Write out all of the listing exactly. Add nothing to it.

• [Provided material]
---+---

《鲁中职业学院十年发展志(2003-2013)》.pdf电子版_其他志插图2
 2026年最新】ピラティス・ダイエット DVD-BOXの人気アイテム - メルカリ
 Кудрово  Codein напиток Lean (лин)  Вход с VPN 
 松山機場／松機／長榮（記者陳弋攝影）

---+---

• [Exercise result]
《鲁中职业学院十年发展志(2003-2013)》.pdf电子版_其他志插图2
 2026年最新】ピラティス・ダイエット DVD-BOXの人気アイテム - メルカリ
 Кудрово  Codein напиток Lean (лин)  Вход с VPN 
 松山機場／松機／長榮（記者陳弋攝影）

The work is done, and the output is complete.